[LV] Avoid vectorizing loops under opt for size that involve SCEV checks

Fix PR39417, PR39497 The loop vectorizer may generate runtime SCEV checks for overflow and stride==1 cases, leading to execution of original scalar loop. The latter is forbidden when optimizing for size. An assert introduced in r344743 triggered the above PR's showing it does happen. This patch fixes this behavior by preventing vectorization in such cases. Differential Revision: https://reviews.llvm.org/D53612 llvm-svn: 345959
author: Ayal Zaks <ayal.zaks@intel.com> 2018-11-02 09:16:12 +0000
committer: Ayal Zaks <ayal.zaks@intel.com> 2018-11-02 09:16:12 +0000
commit: 45a3ca7be7f2edf006ce2da66360483ee28b54b1 (patch)
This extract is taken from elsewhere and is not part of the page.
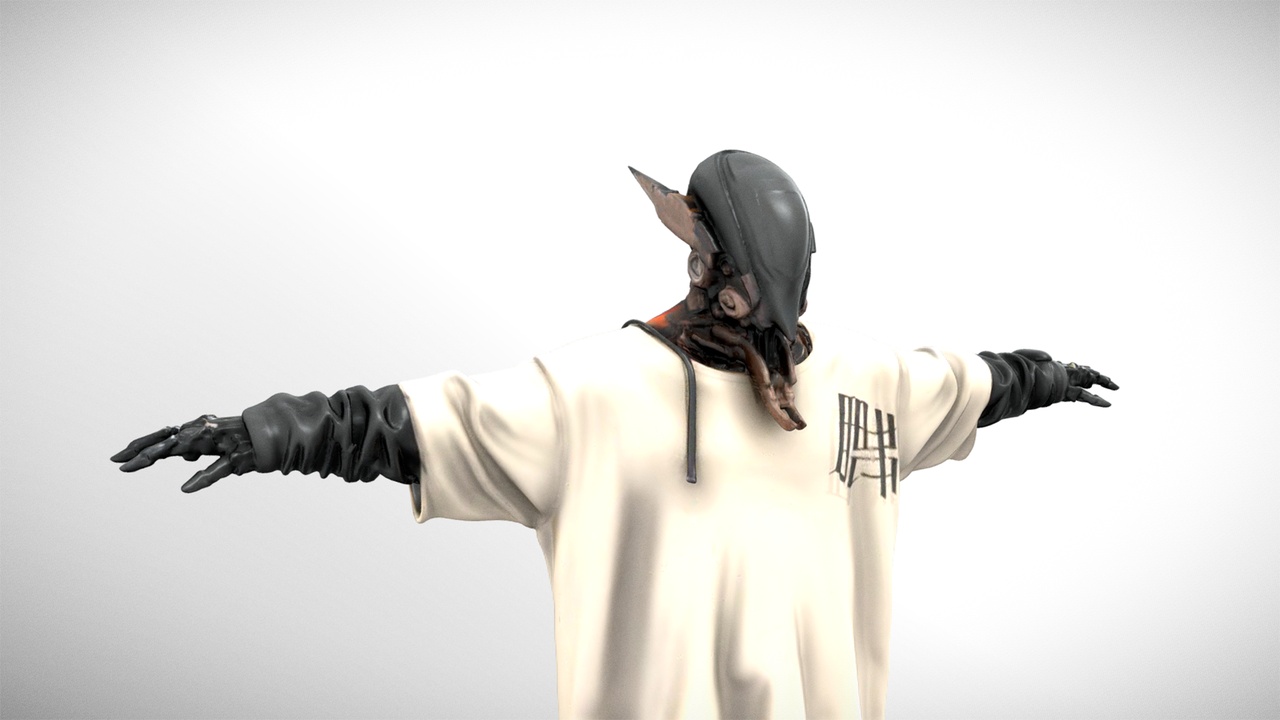 Media 1 for listing Cyberpunk Mutant Scavenger Stylized Character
tree: 8eda60a6d616a1bb8b4bfb864d7f99edc9100a19 /llvm
parent: 5497f6580e6e6a80cae07eac768f6217dcb3b3ab (diff)
download: bcm5719-llvm-45a3ca7be7f2edf006ce2da66360483ee28b54b1.tar.gz
bcm5719-llvm-45a3ca7be7f2edf006ce2da66360483ee28b54b1.zip
3 files changed, 139 insertions, 1 deletions
diff --git a/llvm/lib/Transforms/Vectorize/LoopVectorize.cpp b/llvm/lib/Transforms/Vectorize/LoopVectorize.cpp
index 23d4a6b2166..c9c70b5c536 100644
--- a/llvm/lib/Transforms/Vectorize/LoopVectorize.cpp
+++ b/llvm/lib/Transforms/Vectorize/LoopVectorize.cpp
@@ -2557,7 +2557,8 @@ void InnerLoopVectorizer::emitSCEVChecks(Loop *L, BasicBlock *Bypass) {
     if (C->isZero())
       return;
 
-  assert(!Cost->foldTailByMasking() && "Cannot check stride when folding tail");
+  assert(!Cost->foldTailByMasking() &&
+         "Cannot SCEV check stride or overflow when folding tail");
   // Create a new block containing the stride check.
   BB->setName("vector.scevcheck");
   auto *NewBB = BB->splitBasicBlock(BB->getTerminator(), "vector.ph");
@@ -4637,6 +4638,29 @@ Optional<unsigned> LoopVectorizationCostModel::computeMaxVF(bool OptForSize) {
     return None;
   }
 
+  if (!PSE.getUnionPredicate().getPredicates().empty()) {
+    ORE->emit(createMissedAnalysis("CantVersionLoopWithOptForSize")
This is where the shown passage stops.